Berbicara kepada kantor berita Antara, Firman meminta publik untuk tidak bergantung pada satu sumber. “Jadi masyarakat perlu mengkombinasikan sumber-sumber informasi, tidak hanya pada satu macam saja,” kata Firman dikutip dari laman Antara, Rabu (15/3/2023).
Dia meminta masyakarat memilih informasi lebih baik dan tidak langsung mempercayai satu sumber informasi. Cara ini sangat membantu dalam mencegah filter bubble atau echo chamber yang dihadirkan oleh algoritma.
“Dia masuk ke sebuah ruangan yang sudah berisi dengan informasi-informasi sejenis. Dia mengira itulah kenyataan tentang kandidat yang saya dukung, padahal kalau kita pakai sumber informasi yang lain, itu bisa jadi bunyinya akan lain, dan itu perlu keterbukaan pikiran untuk memahami,” pungkasnya.

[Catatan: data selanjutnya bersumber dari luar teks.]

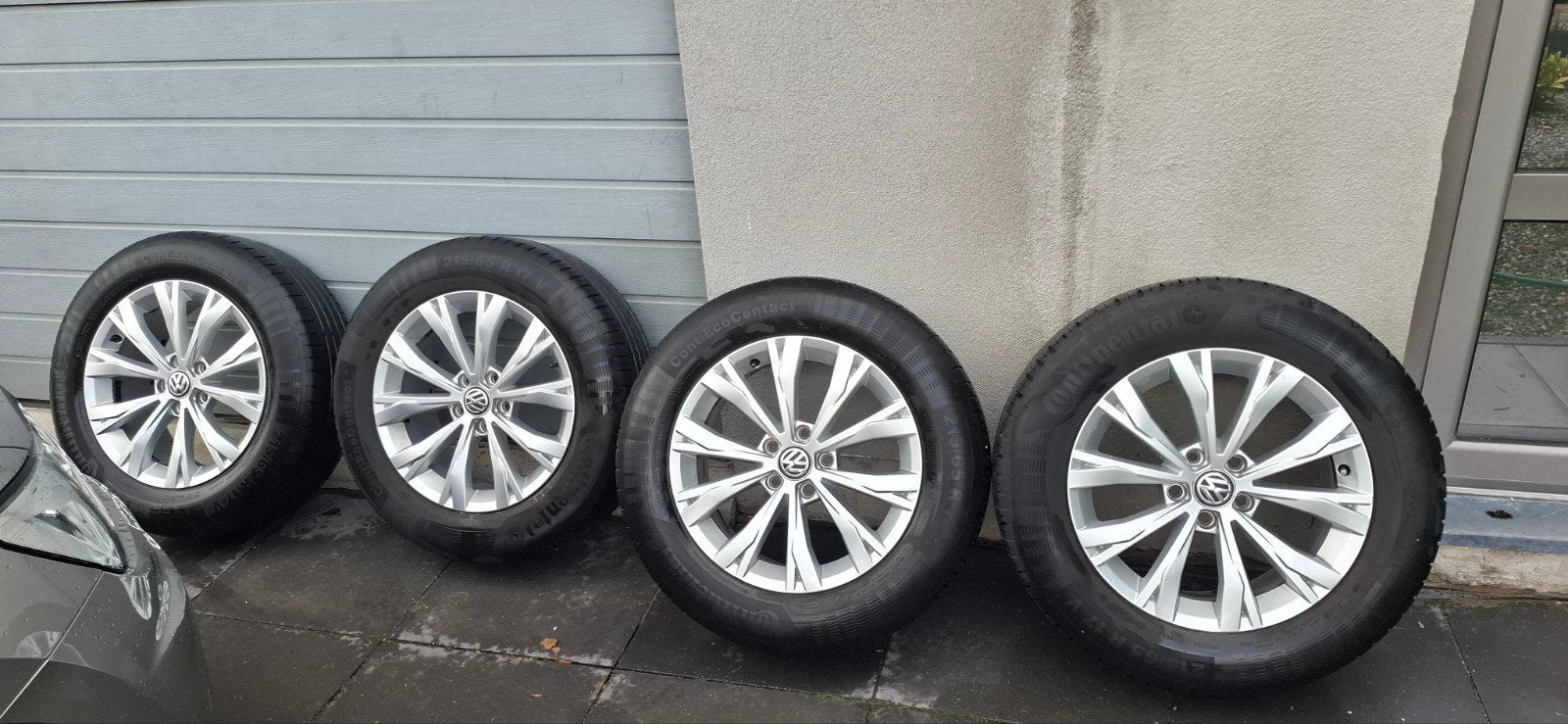 VW Velgen original 215-65-r17v, Auto-onderdelen, Ophalen, Band(en)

Mengakses beragam sumber informasi bisa diterapkan, salah satunya, untuk mengetahui kandidat politik yang berkompetisi pada pemilu untuk memilih presiden, wakil presiden, anggota Dewan Perwakilan Rakyat (DPR), Dewan Perwakilan Rakyat Daerah (DPRD) Provinsi, DPRD Kabupaten/Kota, dan Dewan Perwakilan Daerah (DPD).

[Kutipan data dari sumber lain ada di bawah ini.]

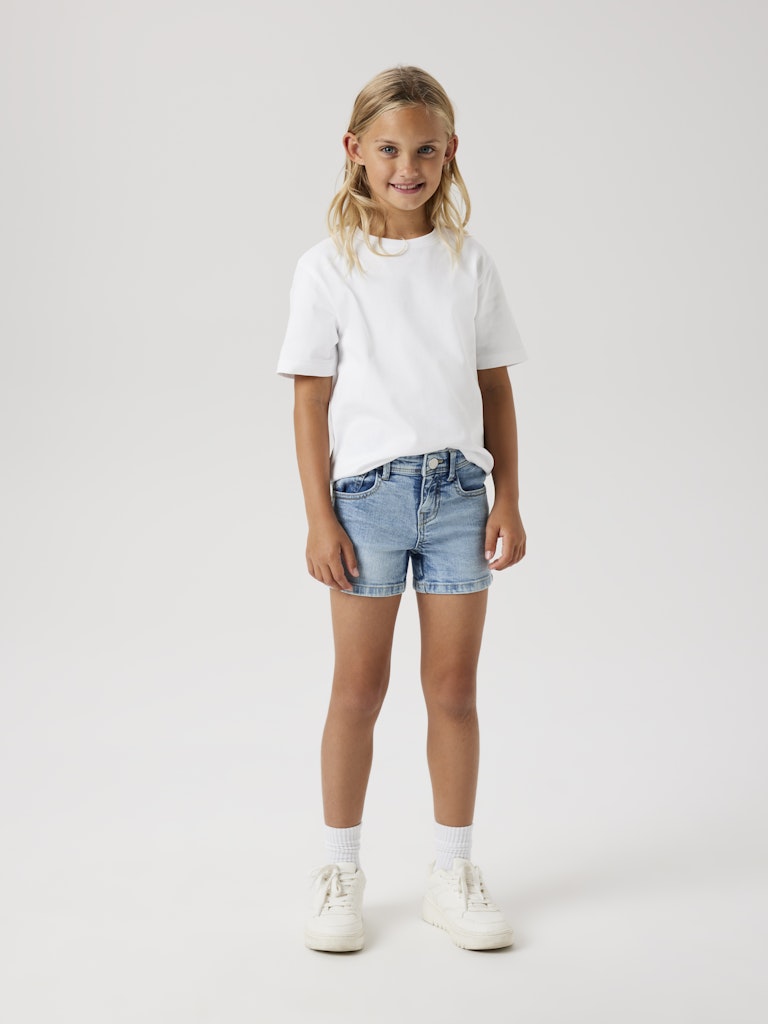Name it Jungen Hosen & Shorts Light Blue Deni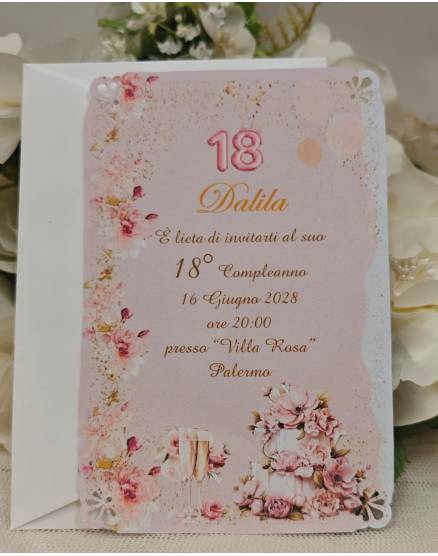 INVITO 18 ANNI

Dia menyarankan publik tidak bergantung pada penyebaran informasi melalui internet dan media sosial. Dengan pengetahuan yang lengkap tentang kandidat yang mereka dukung, masyarakat akan lebih mudah mengenali apakah suatu konten meragukan atau ganjil.
Verifikasi konsisten oleh pers
Pada saat bersamaan, media arus utama harus secara rutin menegakkan proses verifikasi. Ini merujuk pada pengawasan pembuatan berita sembari mencegah bahaya apa saja yang disebabkan oleh informasi manipulatif yang memakai teknologi deepfake.
Firman mengatakan bahwa pers harus mengkonfirmasikan ulang pernyataan di dalam konten, apakah dalam bentuk video atau foto. Media harus menanyakan dan memverifikasi informasi tersebut ke obyek berita agar bisa menyampaikan kebenaran ke publik.
“Jadi bukan hanya berpatokan pada satu material. Oh ini omongannya dia dan ada videonya, tapi itu tidak cukup. Teknologi bisa menirukan itu semua. Jadi harus dikonfirmasi. Artinya para jurnalis harus mengenali objek informasi itu lebih dalam,” kata Firman.
Dengan kredibilitas yang tinggi, media akan tetap menjadi referensi bagi masyarakat tentang informasi yang tepat mengenai Pemilu 2024. Sifat tersebut akan sangat signifkan memberantas disinformasi, misinformasi, berita bohong, dan deepfake yang ditemukan dalam konten manipulatif.